**Try it:** Consider the listing below. Extract exactly the lines from the line containing "Black White Geometric" to the line containing "Rolex Day-Date II", both included.
BEGIN Materials provided
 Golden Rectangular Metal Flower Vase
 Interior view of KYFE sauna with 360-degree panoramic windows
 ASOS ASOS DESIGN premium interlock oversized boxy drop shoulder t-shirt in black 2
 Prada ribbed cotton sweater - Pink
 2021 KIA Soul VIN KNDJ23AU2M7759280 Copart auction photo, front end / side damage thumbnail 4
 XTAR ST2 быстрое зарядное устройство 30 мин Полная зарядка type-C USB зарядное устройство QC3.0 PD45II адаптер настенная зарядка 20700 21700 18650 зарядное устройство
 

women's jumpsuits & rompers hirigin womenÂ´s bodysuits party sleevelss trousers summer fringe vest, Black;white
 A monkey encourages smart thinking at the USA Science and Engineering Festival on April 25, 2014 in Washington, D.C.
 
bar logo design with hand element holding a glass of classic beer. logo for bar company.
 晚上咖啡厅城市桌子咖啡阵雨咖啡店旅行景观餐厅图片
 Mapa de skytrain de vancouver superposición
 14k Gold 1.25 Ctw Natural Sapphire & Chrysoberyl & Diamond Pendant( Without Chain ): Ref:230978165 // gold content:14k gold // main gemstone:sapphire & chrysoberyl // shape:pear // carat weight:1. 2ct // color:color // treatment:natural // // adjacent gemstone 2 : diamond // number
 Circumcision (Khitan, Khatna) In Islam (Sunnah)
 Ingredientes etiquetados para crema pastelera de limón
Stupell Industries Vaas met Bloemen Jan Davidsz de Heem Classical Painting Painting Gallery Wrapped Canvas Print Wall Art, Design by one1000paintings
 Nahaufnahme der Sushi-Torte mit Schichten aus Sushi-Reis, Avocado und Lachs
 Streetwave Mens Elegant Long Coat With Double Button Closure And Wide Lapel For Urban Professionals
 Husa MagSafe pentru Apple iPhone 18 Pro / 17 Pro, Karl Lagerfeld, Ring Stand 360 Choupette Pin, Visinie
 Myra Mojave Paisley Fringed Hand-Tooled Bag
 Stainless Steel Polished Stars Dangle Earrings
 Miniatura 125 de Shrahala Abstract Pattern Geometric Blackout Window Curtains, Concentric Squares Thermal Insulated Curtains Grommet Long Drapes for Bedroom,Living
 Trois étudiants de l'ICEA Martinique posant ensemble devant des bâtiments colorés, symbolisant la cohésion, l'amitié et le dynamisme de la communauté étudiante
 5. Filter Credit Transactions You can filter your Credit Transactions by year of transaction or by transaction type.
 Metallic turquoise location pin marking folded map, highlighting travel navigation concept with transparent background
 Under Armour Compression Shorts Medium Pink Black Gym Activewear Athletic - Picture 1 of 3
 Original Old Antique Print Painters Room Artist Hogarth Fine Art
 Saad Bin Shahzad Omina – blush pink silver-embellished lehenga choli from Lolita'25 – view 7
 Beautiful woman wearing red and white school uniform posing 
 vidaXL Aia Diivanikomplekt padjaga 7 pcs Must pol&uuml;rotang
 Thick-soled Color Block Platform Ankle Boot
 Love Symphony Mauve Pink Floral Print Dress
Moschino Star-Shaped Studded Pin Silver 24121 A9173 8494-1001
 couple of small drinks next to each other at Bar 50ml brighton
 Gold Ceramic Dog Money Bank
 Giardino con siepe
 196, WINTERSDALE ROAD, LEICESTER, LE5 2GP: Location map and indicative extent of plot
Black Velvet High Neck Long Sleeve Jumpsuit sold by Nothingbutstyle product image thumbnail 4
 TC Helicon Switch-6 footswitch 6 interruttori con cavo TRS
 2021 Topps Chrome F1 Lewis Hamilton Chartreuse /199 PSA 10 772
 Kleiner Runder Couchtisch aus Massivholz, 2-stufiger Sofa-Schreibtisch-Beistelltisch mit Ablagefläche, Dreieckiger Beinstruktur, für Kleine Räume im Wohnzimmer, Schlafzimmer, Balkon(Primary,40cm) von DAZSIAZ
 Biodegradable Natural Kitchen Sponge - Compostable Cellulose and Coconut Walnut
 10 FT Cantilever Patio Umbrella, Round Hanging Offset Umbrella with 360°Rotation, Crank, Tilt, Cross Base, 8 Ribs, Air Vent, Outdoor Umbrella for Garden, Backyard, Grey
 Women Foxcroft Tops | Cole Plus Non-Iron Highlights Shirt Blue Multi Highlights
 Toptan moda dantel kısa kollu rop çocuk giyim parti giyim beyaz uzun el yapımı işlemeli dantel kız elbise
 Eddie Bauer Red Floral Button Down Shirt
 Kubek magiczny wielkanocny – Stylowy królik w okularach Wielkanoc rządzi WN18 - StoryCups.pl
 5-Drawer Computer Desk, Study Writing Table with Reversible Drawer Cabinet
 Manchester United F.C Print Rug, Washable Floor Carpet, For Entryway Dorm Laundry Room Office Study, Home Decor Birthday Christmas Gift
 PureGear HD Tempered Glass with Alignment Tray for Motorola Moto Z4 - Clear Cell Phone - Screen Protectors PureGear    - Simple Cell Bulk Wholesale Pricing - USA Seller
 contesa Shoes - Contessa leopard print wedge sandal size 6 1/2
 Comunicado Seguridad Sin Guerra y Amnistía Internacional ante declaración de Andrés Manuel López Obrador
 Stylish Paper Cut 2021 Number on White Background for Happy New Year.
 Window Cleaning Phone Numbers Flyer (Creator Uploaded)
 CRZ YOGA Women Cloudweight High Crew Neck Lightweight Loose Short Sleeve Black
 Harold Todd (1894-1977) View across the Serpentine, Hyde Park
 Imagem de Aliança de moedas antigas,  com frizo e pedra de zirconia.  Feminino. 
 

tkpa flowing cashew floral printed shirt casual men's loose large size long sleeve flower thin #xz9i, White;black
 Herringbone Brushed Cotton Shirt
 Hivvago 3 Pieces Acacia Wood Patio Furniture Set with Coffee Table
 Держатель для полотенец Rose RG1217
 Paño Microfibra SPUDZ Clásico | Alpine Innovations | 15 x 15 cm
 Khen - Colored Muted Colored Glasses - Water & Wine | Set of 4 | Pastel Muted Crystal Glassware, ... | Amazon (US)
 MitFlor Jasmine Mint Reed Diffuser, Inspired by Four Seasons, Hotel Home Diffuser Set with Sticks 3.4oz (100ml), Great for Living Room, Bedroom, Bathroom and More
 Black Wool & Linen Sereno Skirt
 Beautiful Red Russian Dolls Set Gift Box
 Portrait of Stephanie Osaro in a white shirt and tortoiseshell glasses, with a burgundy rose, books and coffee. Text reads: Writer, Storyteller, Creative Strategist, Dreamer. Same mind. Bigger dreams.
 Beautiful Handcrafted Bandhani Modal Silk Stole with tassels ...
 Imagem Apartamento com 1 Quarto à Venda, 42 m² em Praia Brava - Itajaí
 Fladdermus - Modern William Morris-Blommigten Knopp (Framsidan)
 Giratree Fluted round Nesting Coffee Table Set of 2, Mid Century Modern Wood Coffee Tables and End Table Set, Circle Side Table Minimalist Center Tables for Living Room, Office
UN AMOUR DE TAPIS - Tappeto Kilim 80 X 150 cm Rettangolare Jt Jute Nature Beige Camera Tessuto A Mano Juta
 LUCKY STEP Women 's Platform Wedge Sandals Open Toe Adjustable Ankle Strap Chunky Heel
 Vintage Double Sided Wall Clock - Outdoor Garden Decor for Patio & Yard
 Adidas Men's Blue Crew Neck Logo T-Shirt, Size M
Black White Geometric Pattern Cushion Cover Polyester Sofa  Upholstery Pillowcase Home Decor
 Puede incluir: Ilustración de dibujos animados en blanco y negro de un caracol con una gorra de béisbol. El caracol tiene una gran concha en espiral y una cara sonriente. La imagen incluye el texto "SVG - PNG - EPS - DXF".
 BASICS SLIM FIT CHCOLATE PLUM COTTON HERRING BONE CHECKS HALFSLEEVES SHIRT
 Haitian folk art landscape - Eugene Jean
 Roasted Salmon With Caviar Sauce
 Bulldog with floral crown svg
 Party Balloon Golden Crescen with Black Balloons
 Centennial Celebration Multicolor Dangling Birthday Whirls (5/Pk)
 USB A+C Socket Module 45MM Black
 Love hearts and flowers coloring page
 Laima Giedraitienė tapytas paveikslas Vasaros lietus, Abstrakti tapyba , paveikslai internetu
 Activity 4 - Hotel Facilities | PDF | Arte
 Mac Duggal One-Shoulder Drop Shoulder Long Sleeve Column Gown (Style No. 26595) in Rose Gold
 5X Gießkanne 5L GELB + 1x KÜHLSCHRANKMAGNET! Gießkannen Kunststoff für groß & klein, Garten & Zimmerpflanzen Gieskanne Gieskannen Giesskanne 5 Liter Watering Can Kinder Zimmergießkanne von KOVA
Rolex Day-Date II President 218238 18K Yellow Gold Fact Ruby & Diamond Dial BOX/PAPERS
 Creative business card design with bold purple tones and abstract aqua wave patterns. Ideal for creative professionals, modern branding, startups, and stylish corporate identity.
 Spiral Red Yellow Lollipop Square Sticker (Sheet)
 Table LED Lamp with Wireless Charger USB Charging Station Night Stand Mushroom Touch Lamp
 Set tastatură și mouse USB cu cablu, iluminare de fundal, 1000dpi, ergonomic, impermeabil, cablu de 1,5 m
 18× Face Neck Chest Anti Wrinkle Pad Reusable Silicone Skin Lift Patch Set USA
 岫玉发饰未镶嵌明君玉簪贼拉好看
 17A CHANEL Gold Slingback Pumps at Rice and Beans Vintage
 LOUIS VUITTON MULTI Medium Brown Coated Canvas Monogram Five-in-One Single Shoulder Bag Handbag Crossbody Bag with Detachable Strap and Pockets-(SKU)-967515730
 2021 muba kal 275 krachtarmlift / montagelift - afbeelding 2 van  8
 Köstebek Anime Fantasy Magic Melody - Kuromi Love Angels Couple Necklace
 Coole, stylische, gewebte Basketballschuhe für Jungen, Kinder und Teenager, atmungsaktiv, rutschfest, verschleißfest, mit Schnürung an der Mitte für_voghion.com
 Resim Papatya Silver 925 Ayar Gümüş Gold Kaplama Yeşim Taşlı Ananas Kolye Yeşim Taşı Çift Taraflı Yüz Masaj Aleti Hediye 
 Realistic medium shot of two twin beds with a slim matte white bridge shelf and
END Materials provided
**Task result:**
Black White Geometric Pattern Cushion Cover Polyester Sofa  Upholstery Pillowcase Home Decor
 Puede incluir: Ilustración de dibujos animados en blanco y negro de un caracol con una gorra de béisbol. El caracol tiene una gran concha en espiral y una cara sonriente. La imagen incluye el texto "SVG - PNG - EPS - DXF".
 BASICS SLIM FIT CHCOLATE PLUM COTTON HERRING BONE CHECKS HALFSLEEVES SHIRT
 Haitian folk art landscape - Eugene Jean
 Roasted Salmon With Caviar Sauce
 Bulldog with floral crown svg
 Party Balloon Golden Crescen with Black Balloons
 Centennial Celebration Multicolor Dangling Birthday Whirls (5/Pk)
 USB A+C Socket Module 45MM Black
 Love hearts and flowers coloring page
 Laima Giedraitienė tapytas paveikslas Vasaros lietus, Abstrakti tapyba , paveikslai internetu
 Activity 4 - Hotel Facilities | PDF | Arte
 Mac Duggal One-Shoulder Drop Shoulder Long Sleeve Column Gown (Style No. 26595) in Rose Gold
 5X Gießkanne 5L GELB + 1x KÜHLSCHRANKMAGNET! Gießkannen Kunststoff für groß & klein, Garten & Zimmerpflanzen Gieskanne Gieskannen Giesskanne 5 Liter Watering Can Kinder Zimmergießkanne von KOVA
Rolex Day-Date II President 218238 18K Yellow Gold Fact Ruby & Diamond Dial BOX/PAPERS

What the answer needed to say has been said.